Have you ever found yourself sat in a training course or leadership programme and thought – “I think this topic, the tutor, the issue could have been put together just for me…” In 2001 I found myself in that situation. A Senior Leader from my (then) organisation was opening a leadership event I was at. I felt like I’d not felt in a training event for a long time. Like this was the one I’d been looking for. What inspired me and why?
The call to action was about what some of us might label authentic leadership. Now don’t baulk at that – I’m using this to give a handle on being true to yourself in leading yourself and others to success.
It was as though the opening speech had been written to chime with things I’d been grappling with as I started my most senior role to date. My desire to lead myself and others in a way I felt was best – not on what others did or said I should do. So during the course of this 30-40 minutes opening, I didn’t ask any questions when the Q&A session ensued, I was in contemplative mode and needed to think things through. The rest of the day was a mix of exercises, workshop-type sessions, some insight sharing and a late finish. It was a residential event, so we were all meeting socially afterwards and to my delight, also there still was the source of my contemplative state – the Senior Leader who’d opened the event.
I had now moved on from contemplative and was in re-inspired mode. Fired up mode, driven mode. So inspired was I that I chose to strike up a conversation with said Senior Leader – let’s call her Helen. I told Helen – with no tactical motives – how inspired I was by what she had said. By how I felt and that for the first time in my career, I was being encouraged to be me, within a professional frame with performance and behavioural expectations of course. I found the reaction to my feedback most interesting. Helen appeared to enjoy the fact that I’d shared how inspired I was. We talked some more, and the conversation got more interesting. I was even MORE inspired now.

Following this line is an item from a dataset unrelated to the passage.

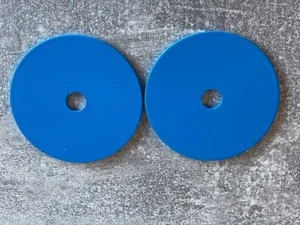 Iztech Kart Seat Large Washers (Pair) 60mm X 2mm  with a M8 center - Picture 1 of 1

The day went into day 2 and I was continued to be inspired bythis event so that at the conclusion, I did more contemplation, more planning and more enhancements to the way I acted. I wanted to be me, but different, a better me, a more determined me. I wanted to take advantage of all the things I could get a hold of and this blissful state of affairs continued for several months on my return to the day job.
Then I re-discovered some of the enemies of inspiration - envy; egos; misunderstanding; and blockages.
So I needed some inspiration again, as despite being me in a leading role, others weren’t as enthused by my authenticity as I was. I went to speak to Helen. I asked if she’d mentor me. It was a bold request as Helen was very busy and several roles higher than me, and I’d not asked my own boss for permission. Helen agreed and we entered into a mentoring relationship.
Again, I discovered inspiration. That my problems and issues mattered and were real and present in holding me back or creating less desirable outcomes. And when the relationship with a new boss wasn’t working, I was inspired to think wider – and I did. And I found HR.
So I’ll always be grateful to Helen for helping me find my place. But I also have to thank inspiration. I know inspiration isn’t an entity like Helen or that course, but I sought out a new path, was driven to change, take risks, be bold, stay authentic, challenge my own and others thinking – because I was inspired.
So I guess in order to make this blog do that I thought I would set out a couple of questions to leave you with and hopefully elicit some responses, dialogue and / or new thinking.
1. When was the last time you were inspired – either through a planned act or unplanned event? What did that “inspirational interlude” mean to you, cause you to do and lead you to?
2. When was the last time you NEEDED inspiration and where did you get it? What did it teach you about yourself, a topic / issue or a situation?
3. How could YOU be more inspirational to others? Inspiring people is like giving them a can of an emotional energy drink – the energy to: learn, think through, drive on, change, alter courses, challenge, back off, resume – inspiring people helps them learn.
So there you have it. The first Adjusted Development blog from me. It’s about inspiration I wanted it to have some degree of inspiration in itself and I feel quite inspired for having done this. Blogtastic thanks for reading – I’d love to hear about your thoughts and experiences on being inspired.